3.1. Model Selection
Although the YOLO models have been validated on standard datasets, their performance still has certain limitations in drone-captured scenes, where the targets are often far away and their sizes are small. Therefore, selecting models suitable for drone-captured scenes becomes a key task.
Taking YOLOv8 as an example, the model is divided into several versions based on size (number of parameters), including YOLOv8n, YOLOv8s, YOLOv8m, YOLOv8l, and YOLOv8x. Generally, the larger the model, the higher the recognition accuracy, but the inference time also increases significantly. A performance comparison of different YOLOv8 models on the COCO dataset is presented in
Table 1 [
27].
To evaluate the performance of different YOLOv8 models in practical applications, this paper compares the recognition results of several YOLOv8 models under default settings. The pre-trained models based on the official COCO dataset, which contains 80 categories, were used in the test. For clarity, this experiment focuses on the recognition of the “person” category, and the actual inference time used in the test is indicated in the chart (test platform: 3.2 GHz 6-core Intel Core i7, no GPU). The experimental results show that, while the smallest YOLOv8n model has a shorter inference time, it failed to detect any valid targets. YOLOv8s was able to detect some targets, while YOLOv8l successfully recognized all targets, as shown in
Figure 3.
When the model has a large number of parameters, the training time required also increases accordingly. Therefore, this project attempts to improve the recognition performance of smaller models by adjusting the model settings. The recognition results of YOLOv8s with different input image sizes are shown in
Figure 4, with other settings unchanged.
As shown in
Figure 4, YOLOv8s with an input image size of 1280 is able to detect all targets, and the inference time is slightly shorter than that of YOLOv8l with an input image size of 640. Although the inference time difference between the two is not large, considering the training time, the former will be significantly superior to the latter. Thus, YOLOv8s is chosen as the base model for this project.
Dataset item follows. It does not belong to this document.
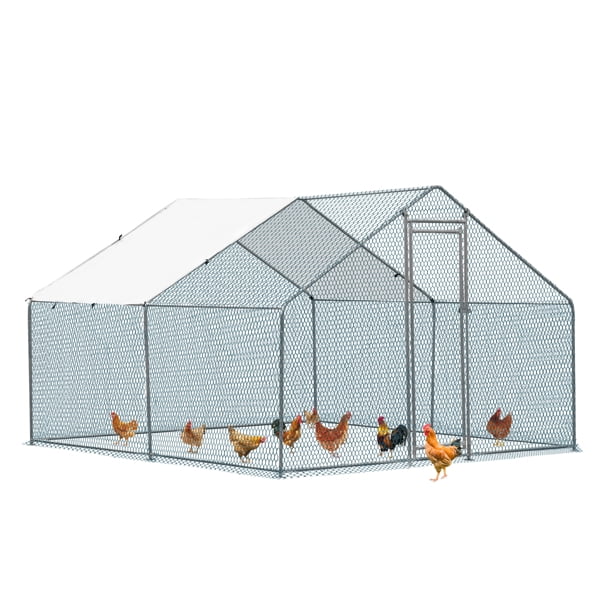 Al Fresco 10 x 10 ft Large Metal Chicken Run, Walk-in Poultry Cage, Spire-Shaped Chicken Coop with Waterproof and Anti-Ultraviolet Cover for Hen House, Duck and Rabbit, Silver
It is important to note that the input image size used during training was not changed. Instead, the same model was used with different input image sizes during inference. Moreover, since the images obtained from the internet are typically close to 640 in size, the input image size of 640 was still used during training.
3.2. Dataset Preparation
The dataset is the foundation for solving practical problems, so it is necessary to collect a dataset that meets the requirements of the detection task before the experiment. In this experiment, a helmet-wearing dataset collected through UAV aerial photography is used. The images collected by the UAV are annotated using the AnylableImg (v0.4.10) deep learning image annotation software, as shown in
Figure 5. The dataset is annotated in the VOC format, with a total of 1584 images, as shown in
Figure 6. The test set and training set are randomly split in a 2:8 ratio.
In order to prepare the dataset and perform transfer learning based on the YOLOv8 model, this paper sets up two labels, “person” and “helmet”, and performs transfer learning based on the official YOLOv8s model.
3.3. Model Training
The experiment uses PyTorch (v1.13.1) as the framework, Python (v3.7.0) as the programming language, and a GPU for training. The hardware environment for training is as follows: the CPU is Intel® CoreTM i7-10750H, the GPU is NVIDIA RTX 4060 with 8 GiB of memory, and the operating system is Linux. The PyTorch version is 1.10.0, the CUDA version is 10.2.0, and the Python version is 3.8.
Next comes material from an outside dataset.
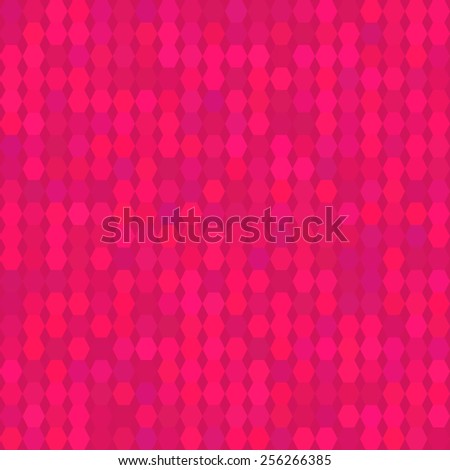 Shiny pink vector seamless pattern, abstract background with glow light, hexagon shapes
The experimental parameters were set as follows: the number of epochs was 100, the batch size was 8, the optimizer used was Adam (v1.2), the initial learning rate was 0.01, the momentum parameter was 0.937, and the weight decay was 0.0005. The training and detection process is shown in
Figure 7.
Figure 8 illustrates the precision–recall curves for the model’s detection performance on the “person” and “helmet” categories. The solid blue line represents the precision-recall curve for the “person” category, with an mAP value of 0.982. The dashed orange line corresponds to the “helmet” category, with an mAP value of 0.968. The bold black line indicates the average performance across all categories, with an mAP@0.5 value of 0.975, demonstrating the overall effectiveness of the model.
4. Results and Discussion
Simply detecting “person” and “helmet” in the image does not allow us to determine whether the “person” is wearing the “helmet”. Therefore, this project adds the following judgment conditions, as shown in
Figure 9.
Intersection over union (loU) is widely used in image segmentation tasks to check if an object is well detected. The original conception of loU is as follows:
A similar criterion, loPPE, is used in this work to check if the PPE is worn properly.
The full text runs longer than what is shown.